Because some projects may have done extremely well, or poorly, on certain criteria — perhaps one had an off-the-charts Google search number, but a sub-par job-postings score — we threw out the top and bottom individual-criteria scores for each project. This is a methodology called “trimmed mean,” and it’s similar to what happens in Olympic gymnastics, where officials throw out an athlete’s highest and lowest scores from each judge and average the remaining ones. (We had no East German judges in our competition, but we are being careful.)

Even so, there’s always room for improvement. Some adoption and popularity criteria, such as download metrics, are obviously somewhat difficult to measure, and surely we haven’t captured all the hottest, new emerging tools. Though with our planned quarterly updates, we should be able to track new leaders as they emerge. So we’d love feedback from the community to improve our numbers, and the index, over time. Please let us know at if you have further insights into any of these metrics.

Here are some other key takeaways from our research.

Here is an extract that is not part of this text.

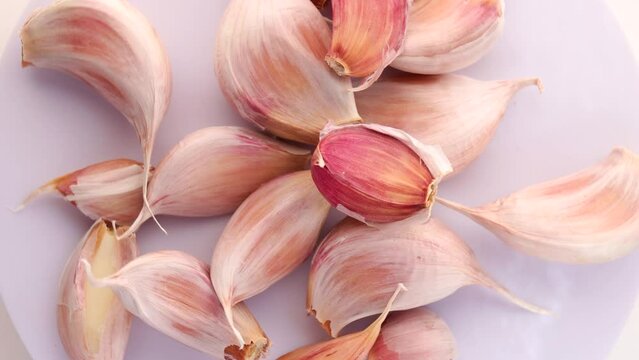 garlic, rotation in circle. Turning garlic cloves. selective focus.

Linux, Git, MySQL lead the pack

Perhaps not surprisingly, the open-source project leading our index is Linux, technology that was first released in 1991 and is one of the most widely adopted open-source projects in the world. It is commercialized by companies, including Red Hat, one of the few open-source companies to trade publicly, as well as Ubuntu and SUSE.

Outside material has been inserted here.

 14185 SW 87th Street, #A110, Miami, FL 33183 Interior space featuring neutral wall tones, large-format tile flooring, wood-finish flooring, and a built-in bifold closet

Having lots of users for your open-source project does not automatically translate into creating a commercially viable company.

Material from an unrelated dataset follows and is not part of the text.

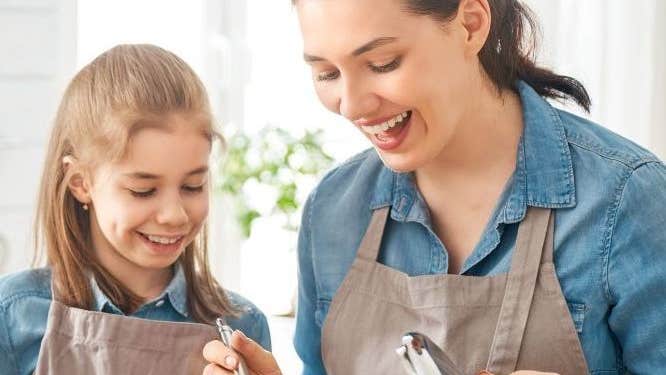 A woman and young girl wearing identical aprons are smiling, looking down at steaming saucepan on a stove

Git, which came in at No. 2 on the list, inspired GitHub and GitLab. The wildly popular open-source project serves as a “version-control system” for tracking changes and coordinating work between software developers.

Also high on the list, at No. 3, was MySQL, the database technology first developed in 1995. MySQL currently helps run huge, Web-scale companies like Google, Facebook and Twitter. But it’s also worth noting that several “NoSQL” database technologies — which are non-relational databases, unlike MySQL, and are often better suited for parsing the unstructured data being thrown off by many companies today — also ranked highly.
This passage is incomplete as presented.